Sean O'Reilly 12.10.08 | 9:35 PM ET

I think the best travel book of 2008 is a book I only managed to read in 2008. A Traveller in Rome, written by HV Morton was published in 1957 by Dodd and Mead but it has to be one of the greatest travel books of all time.

Sean O’Reilly
Editor-at-Large
Travelers’ Tales

John M. Edwards 12.11.08 | 4:39 PM ET

Hi Worldhum:

One of the neglected masterpieces of travel literature is surely Sir Fitzroy Maclean’s “Eastern Approaches.” Maclean, a founding member of the SAS, traveled around Soviet Central Asia (without permission) before and during World War II, and may have been the prototype for “James Bond.” (Ian Fleming would neither confirm nor deny if that was so.)

The tome is typified by Maclean’s ascerbic wit and understated humor. When some Soviet NKVD in Central Asia point their rifles at Maclean and say, in Russian, “Hands Up,” Maclean writes with breezy aplomb: “Up went my hands.”

Similarly, when meeting a Chinese official who says that “Maclean” translates into Chinese as “the horse that corrupts the morals,” the following exchange took place: “I hope you have nothing to do with the notorious Mohammedan leader, General Ma,” says the Chinese official. Maclean responds, “I, too, hope I do not.”

Anyway, it’s worth a go. Original copies are hard to find, but it was recently reissued by Penguin.

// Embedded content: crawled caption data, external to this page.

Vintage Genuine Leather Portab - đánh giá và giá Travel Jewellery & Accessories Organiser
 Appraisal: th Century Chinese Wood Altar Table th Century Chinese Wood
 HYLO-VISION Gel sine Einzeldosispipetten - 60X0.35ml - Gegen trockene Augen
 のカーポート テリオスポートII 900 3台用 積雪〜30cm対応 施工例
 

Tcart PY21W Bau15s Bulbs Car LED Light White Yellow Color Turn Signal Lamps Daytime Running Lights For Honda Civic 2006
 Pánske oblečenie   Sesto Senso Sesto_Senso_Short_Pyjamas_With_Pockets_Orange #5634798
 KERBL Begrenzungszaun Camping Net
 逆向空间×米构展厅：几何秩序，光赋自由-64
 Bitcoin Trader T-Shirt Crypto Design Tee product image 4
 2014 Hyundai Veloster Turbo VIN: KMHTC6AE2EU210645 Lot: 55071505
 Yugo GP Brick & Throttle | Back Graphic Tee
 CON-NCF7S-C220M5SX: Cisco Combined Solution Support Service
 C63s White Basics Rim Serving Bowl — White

I wrote an essay about him in the North Dakota Quarterly, which is available at their website.

John M. Edwards

Hannü 12.26.08 | 3:31 PM ET

The most democratic and down-to-earth book from Tibet in decades has got to be
Dialogues Tibetan Dialogues Han by Hannü - a travelogue from Tibet as well as a book of conversations with dozens of Tibetans from all walks of life in Tibet on a wide range of subjects - the Dalai Lama, polyandry, sky & water burials, the Muslims, the Han, Tibetan mastiffs, aweto, languages, thangka, Buddhism, independence and more.

Hannü has been travelling around Tibet for over a decade and chatted with hundreds of Tibetans in Tibet.